Housing News Roundup: May 8, 2015
How Renting Contributes to the Wealth Gap
The effects of the housing crash continue to linger in myriad ways, including contributing to the nation’s wealth gap. A home has traditionally been an American’s largest asset, but with more and more people renting rather than buying, many are missing out on the ability to accumulate wealth. “Unfortunately, due to an underperforming labor market, insufficient housing supply and overly stringent underwriting standards since the recession, homeownership has plunged to a rate not seen in over two decades,” said Lawrence Yun, chief economist for the National Association of Realtors.

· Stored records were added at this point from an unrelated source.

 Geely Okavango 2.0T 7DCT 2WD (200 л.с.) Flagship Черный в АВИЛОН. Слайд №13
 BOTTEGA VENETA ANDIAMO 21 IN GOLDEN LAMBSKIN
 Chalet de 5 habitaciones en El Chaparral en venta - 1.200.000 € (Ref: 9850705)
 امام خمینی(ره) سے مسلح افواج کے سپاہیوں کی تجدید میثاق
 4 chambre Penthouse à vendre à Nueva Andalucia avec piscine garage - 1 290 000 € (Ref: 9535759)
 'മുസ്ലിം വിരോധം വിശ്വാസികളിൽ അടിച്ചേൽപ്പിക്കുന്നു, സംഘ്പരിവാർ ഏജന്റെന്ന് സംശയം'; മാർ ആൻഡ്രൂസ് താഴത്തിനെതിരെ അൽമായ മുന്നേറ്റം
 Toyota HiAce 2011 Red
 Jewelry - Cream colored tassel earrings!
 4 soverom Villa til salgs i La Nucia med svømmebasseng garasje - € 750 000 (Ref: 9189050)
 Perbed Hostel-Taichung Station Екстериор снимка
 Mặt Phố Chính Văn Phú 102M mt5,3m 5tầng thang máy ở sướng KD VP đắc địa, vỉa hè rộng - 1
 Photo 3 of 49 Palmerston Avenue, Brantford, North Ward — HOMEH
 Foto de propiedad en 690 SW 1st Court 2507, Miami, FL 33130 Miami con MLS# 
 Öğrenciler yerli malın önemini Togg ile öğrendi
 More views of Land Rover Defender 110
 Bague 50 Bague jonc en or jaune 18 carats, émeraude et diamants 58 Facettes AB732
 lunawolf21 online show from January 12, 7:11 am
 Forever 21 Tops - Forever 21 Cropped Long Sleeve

NYC Mayor’s Ambitious Plan to Expand Affordable Housing Stock
New York City Mayor Bill de Blasio is pushing a new housing plan that would require developers to designate 25% to 30% of all new units as affordable housing. The proposed regulation is part of an overall strategy to build or preserve 200,000 affordable housing units over the next decade. “This can’t be a city of just penthouses and luxury condos,” said De Blasio. “We are turning the page, and making sure the same pressures that have pushed New Yorkers out of their neighborhoods are harnessed to build the next generation of affordable housing.”
Source: New York Times
A Tiny Shelter for One Could Lead to Shelters for Many
What began as one man’s project to build a small, mobile shelter for a 60-year-old homeless woman named “Smokie” has become something bigger. Elvis Summers raised online donations to create the tiny home, recording the process along the way. The video has since been viewed more than 5.3 million times and more than $50,000 in donations have flooded into his Tiny House, Huge Purpose project. Summers has said he hopes to use the funds to build more. “Being homeless is not a crime. The true crime is how we as human beings look at and treat people that are homeless,” he said.
Source: Los Angeles Times
Affordable Housing as a Tech Giant Sales Pitch
The tech giants of Silicon Valley are increasingly using affordable housing to sell communities on their expansion plans. Facebook is in the midst of building a $120-million, 394-unit apartment community that will include only 15 affordable housing units at first, but the company is considering expanding its plan to a total of 3,500 units. At the same time, Google’s plan for 1.5 million square feet of new office space would also include 150 affordable housing units; another 1,800-unit project being considered may also include affordable housing.
Source: Business Insider
D.C. Has the Worst Economic Inequality in the Country
The nation’s capital has the highest economic inequality among the 50 states and District of Columbia. The top 20% of earners in Washington, D.C. make more than $151,132 annually, while the bottom 20% earn less than $20,151. The District is followed by Louisiana, New York, Massachusetts and Mississippi. The Corporation for Enterprise Development’s findings are based on an analysis of U.S. Census data.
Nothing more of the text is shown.